§ **TASK ITEM**
Reproduce, please, the line that holds "istock Fir Tree" and all later lines through the end of the entries below, exactly; omit pictures.

(Collection entries)

=== Begin Enclosure ===

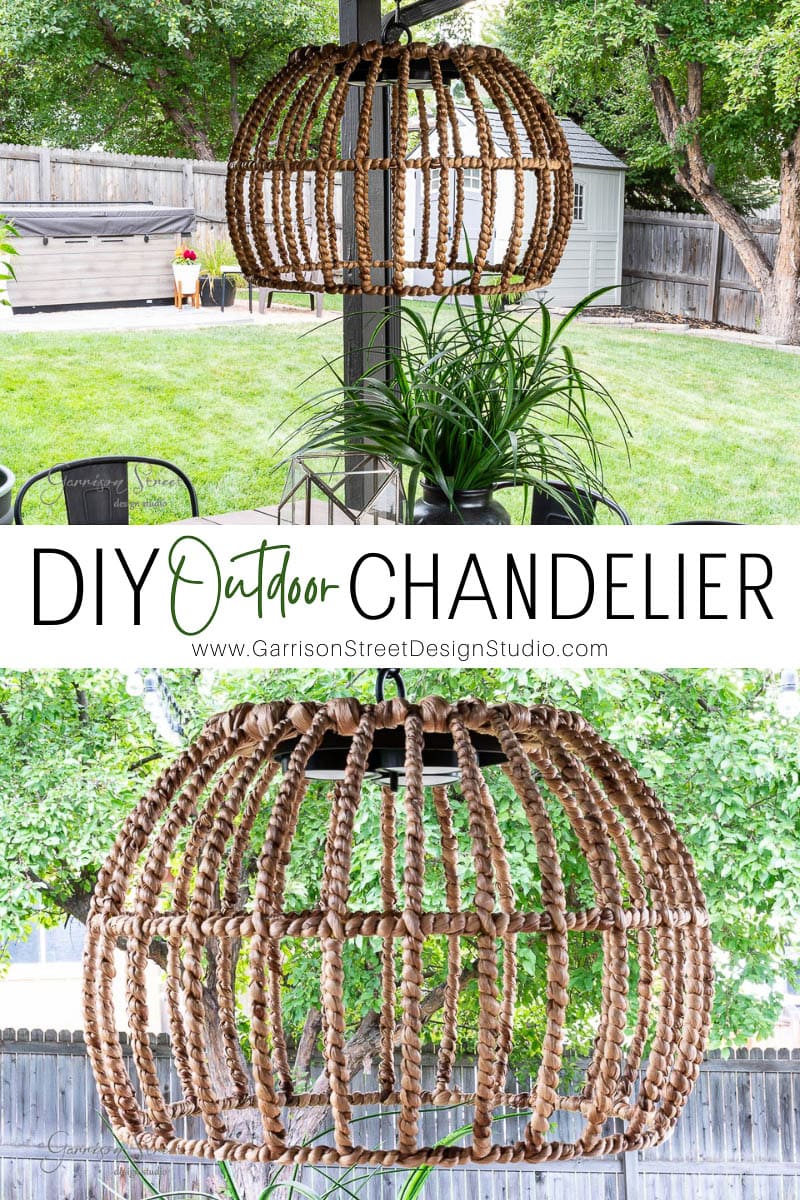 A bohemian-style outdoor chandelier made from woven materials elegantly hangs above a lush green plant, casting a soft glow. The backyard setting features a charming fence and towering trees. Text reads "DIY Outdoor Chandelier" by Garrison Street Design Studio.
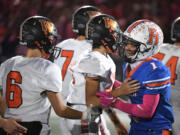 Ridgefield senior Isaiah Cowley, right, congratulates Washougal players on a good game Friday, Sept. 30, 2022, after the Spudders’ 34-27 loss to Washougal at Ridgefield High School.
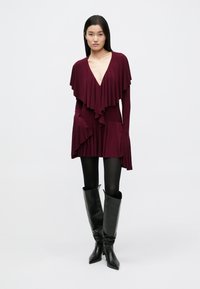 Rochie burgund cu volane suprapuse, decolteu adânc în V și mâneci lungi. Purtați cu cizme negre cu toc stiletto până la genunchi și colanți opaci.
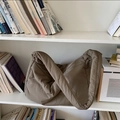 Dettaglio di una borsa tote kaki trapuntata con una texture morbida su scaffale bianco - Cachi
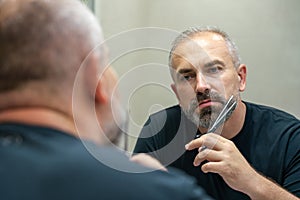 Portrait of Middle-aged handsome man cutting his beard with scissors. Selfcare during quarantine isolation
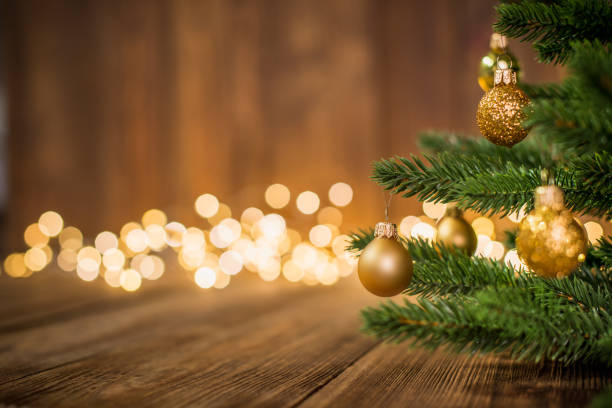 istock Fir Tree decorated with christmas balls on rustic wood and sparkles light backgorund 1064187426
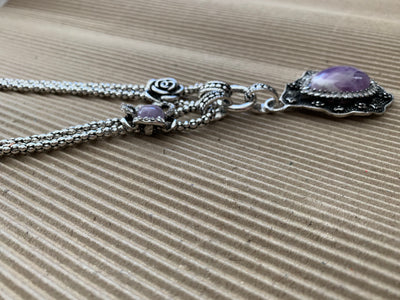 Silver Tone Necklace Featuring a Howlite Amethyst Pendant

=== End Enclosure ===

§ **FINISHED TASK**
 istock Fir Tree decorated with christmas balls on rustic wood and sparkles light backgorund 1064187426
 Silver Tone Necklace Featuring a Howlite Amethyst Pendant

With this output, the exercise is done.